Cascading Epigenome-Wide Association Scan

This code uses the existing MetaXcan package to run a cascading analysis linking variation in genotype to traits through its effect on DNA methylation to gene expression.

Installation

Requirements

The dependencies for CEWAS can be installed via Anaconda by running the following fommand from the cewas/ directory:

conda env create -f "cewas_env.yml"

The software help can then be accessed using:

conda activate cewas_env
python cewas.py -h

Testing

Included is a script entitled test_run.sh which will run CEWAS on the subset of the ROSMAP data for chromosome 22, which is included in the data directory of this repository.
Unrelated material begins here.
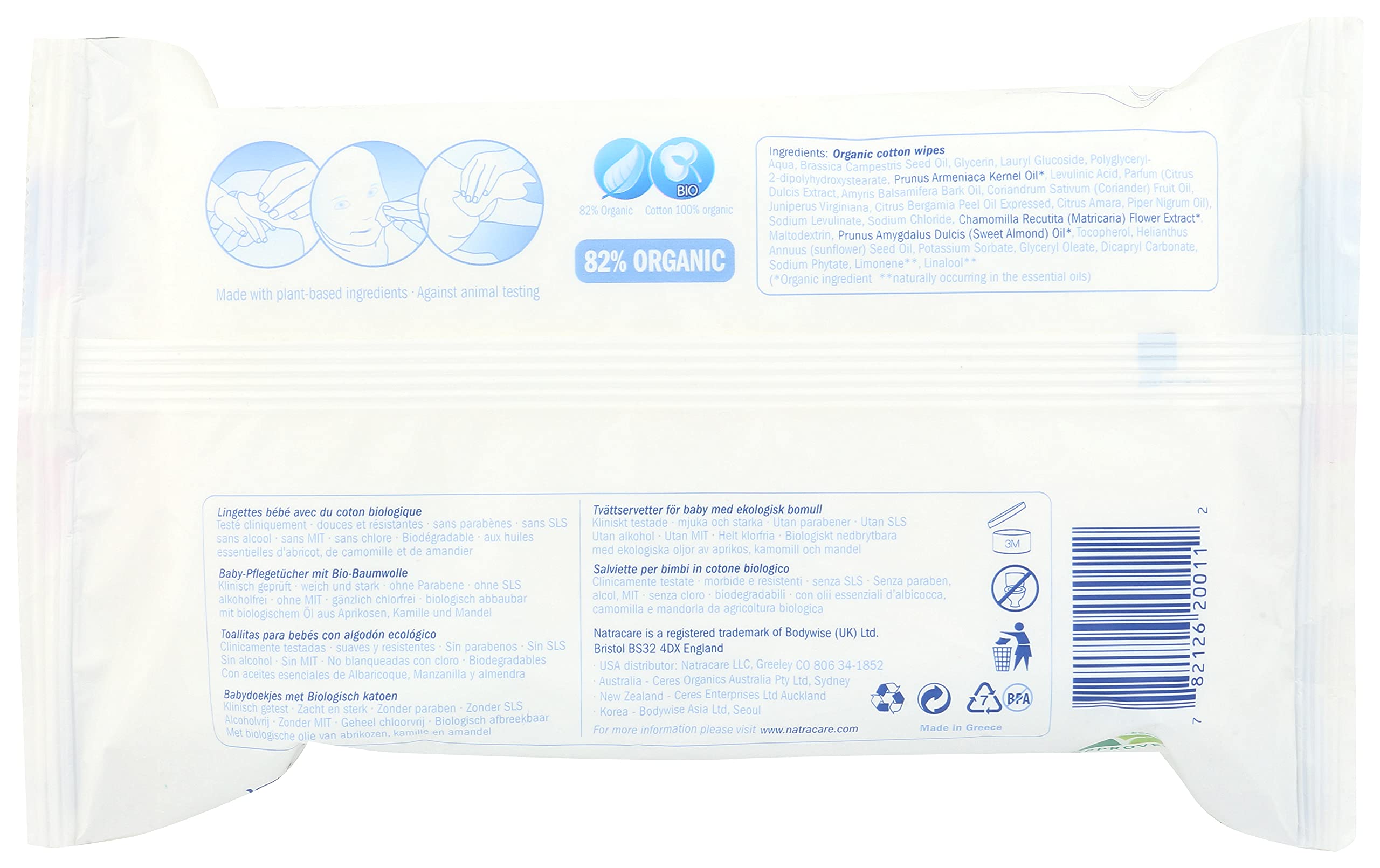 Natracare Baby Wipes pack front showing organic formula.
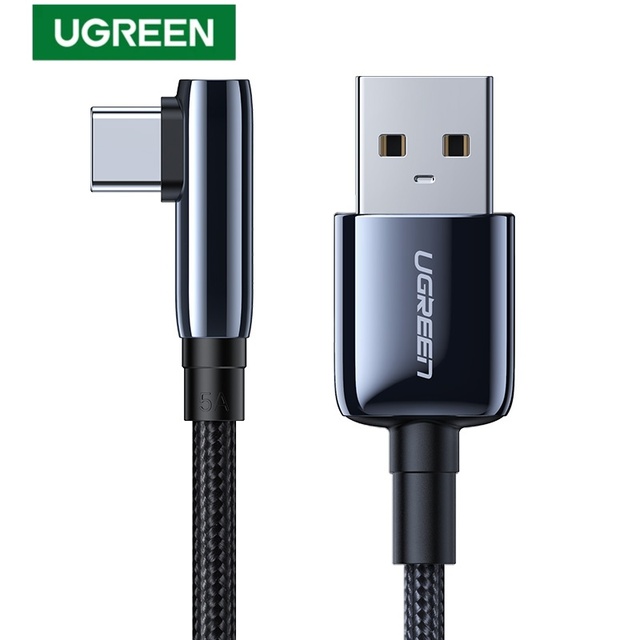 UGREEN US317 USB C Cable Right Angle USB a to USB C Cable High Purity Zinc Alloy Shell Braided Cord Humanized 90 Degree Design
It will output a file named "test_results.txt" which can be compared to the file labelled "sample_output.txt" as a sanity check that the program is working as intended:

./test_run.sh

This output can then be compared to our provided output in sample_output.txt.

Usage

Command help

$ python cewas.py -h
usage: cewas.py [-h] --output OUTPUT --sum_stats SUM_STATS
                [--beta_column BETA_COLUMN] [--or_column OR_COLUMN]
                [--se_column SE_COLUMN] [--pvalue_column PVALUE_COLUMN]
                [--zscore_column ZSCORE_COLUMN] --mapping MAPPING
                --reference_allele REFERENCE_ALLELE --alternative_allele
                ALTERNATIVE_ALLELE --snp_column SNP_COLUMN --cov_file_snp_fmt
                COV_FILE_SNP_FMT --cov_file_methy COV_FILE_METHY
                --predict_db_methy_fmt PREDICT_DB_METHY_FMT --predict_db_expr
                PREDICT_DB_EXPR [--ncores NCORES]

optional arguments:
  -h, --help            show this help message and exit
  --output OUTPUT       Name of file for CEWAS results (default: None)
  --sum_stats SUM_STATS
                        Path to GWAS summary statistics (default: None)
  --beta_column BETA_COLUMN
                        Name of effect size column in GWAS summary statistics
                        (default: None)
  --or_column OR_COLUMN
                        Name of odds ratio column in GWAS summary statistics
                        (default: None)
  --se_column SE_COLUMN
                        Name of standard error column in GWAS summary
                        statistics (default: None)
  --pvalue_column PVALUE_COLUMN
                        Name of P value column in GWAS summary statistics
                        (default: None)
  --zscore_column ZSCORE_COLUMN
                        Name of z-score column in GWAS summary statistics
                        (default: None)
  --mapping MAPPING     ENSEMBL mart file for re-mapping gene names (default:
                        data/ensemblHG19.tsv)
  --reference_allele REFERENCE_ALLELE
                        Reference allele column in GWAS summary statistics
                        (default: A1)
  --alternative_allele ALTERNATIVE_ALLELE
                        Alternative allele column in GWAS summary statistics
                        (default: A2)
  --snp_column SNP_COLUMN
                        SNP id column in GWAS summary statistics (default:
                        SNP)
  --cov_file_snp_fmt COV_FILE_SNP_FMT
                        Covariance file prefix for snp to methylation model
                        (default: data/covfiles/ROSMAP_CEWAS_snp_methy_cov)
  --cov_file_methy COV_FILE_METHY
                        Covariance file for methylation to expression model
                        (default:
                        data/covfiles/ROSMAP_CEWAS_pred_methy_expr_cov.txt.gz)
  --predict_db_methy_fmt PREDICT_DB_METHY_FMT
                        SNP to methylation predictdb prefix (default:
                        data/predictdb/ROSMAP_CEWAS_snp_methy)
  --predict_db_expr PREDICT_DB_EXPR
                        Methylation to expression predictdb (default:
                        data/predictdb/ROSMAP_CEWAS_methy_expr_pred.db)
  --ncores NCORES       Number of cores available for job (default: 1)

Required data

As input, CEWAS requires several models that describe the association between genotype, methylation, and gene expression in a given tissue, as well as a reference for covariance between data comprising those models. These models and covariances can be found in the data/ directory of this project.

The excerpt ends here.